The matchup everyone seems to be talking about heading into Ohio State’s game against Cincinnati is the Bearcat pass offense against the revamped Buckeye defense.
And while the Buckeye offense has briefly been discussed, it has been the high-flying aerial assault of the Bearcats and Cincinnati redshirt-sophomore quarterback Gunner Kiel getting the attention.
Kiel, who was the No. 3-rated quarterback by ESPN coming out of high school, has the Cincinnati offense ranked ninth in the country in pass offense.
Cincinnati coach Tommy Tuberville classified his wide receiving corps as the best he has ever coached.
But OSU coach Urban Meyer said Wednesday that any quarterback is can succeed with talented teammates.
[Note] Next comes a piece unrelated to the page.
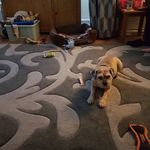 shirley bartram - @shirleybartram - Instagram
“You put a great offensive line and good receivers and a quarterback becomes great,” Meyer said. “You put that same quarterback with a makeshift offense line and some struggling receivers, and there’s a really bad quarterback, so a quarterback is the product of those around him.”
Kiel has been exceptional in his first two games, averaging 344.5 pass yards per game to go along with 10 passing scores. Not only has he tossed 10 touchdowns, but he’s spread those passes out to seven different receivers.
In that respect, Kiel has out-distributed “the distributor,” OSU redshirt-freshman quarterback J.T. Barrett, who was given the nickname by his coaches earlier in the season. Just five different Buckeyes have been on the receiving end of Barrett’s nine passing touchdowns.
One of the receivers on the end of Barrett’s passes has been redshirt-freshman H-back Jalin Marshall, who said Wednesday that he, along with the rest of the Buckeye offense, is capable of producing more for Barrett.
“Of course we want to do more,” Marshall said Wednesday. “Being a playmaker, you always want to make plays for the team. I feel like we have practiced hard this last bye week and this week. I feel like we have more opportunity to make plays this week.”
Marshall, who scored his first collegiate touchdown against Kent State on Sept. 13, said he was recruited by the Bearcats to play quarterback, a position he excelled at in high school.
“I was recruited by Cincinnati, Tennessee and UCLA, schools like that but that kind of dropped off as I committed here to play receiver,” Marshall said. “I was looking at the bigger picture, it (OSU) is a great university.”
Marshall even alluded to the possibility that Buckeye fans could see him take snaps at the quarterback position on Saturday in Ohio Stadium.
“We have done a little bit of it,” Marshall said in regards to him playing quarterback in practice. “Hopefully on Saturday we can start some of it.”
While Marshall teased the idea of taking the snaps from center, Barrett seems to have control of the Buckeye offense. He is averaging 252.3 passing yards per game and has been, for the most part, consistent in replacing senior Braxton Miller, who is out for the season after tearing the labrum in his throwing shoulder during fall camp.
Junior offensive lineman Jacoby Boren said Wednesday that he believes Barrett has played well since taking over for Miller.
“J.T. is a great quarterback. He stepped up big time, I think, since week one. Everybody has their bumps in the road but he is a great quarterback,” Boren said. “(He has) great leadership. He is an awesome leader on this team. He is a really smart guy.”
Despite Barrett and Kiel being relatively inexperienced, Meyer stood firm on his belief that a quarterback’s play hinges on his surrounding teammates.
“I think it is all relative. Who’s the best quarterback usually has the best players around him,” he said.
Which quarterback has the best supporting cast remains to be seen Saturday, as the Buckeyes and Bearcats are scheduled to kick off at 6 p.m. at Ohio Stadium.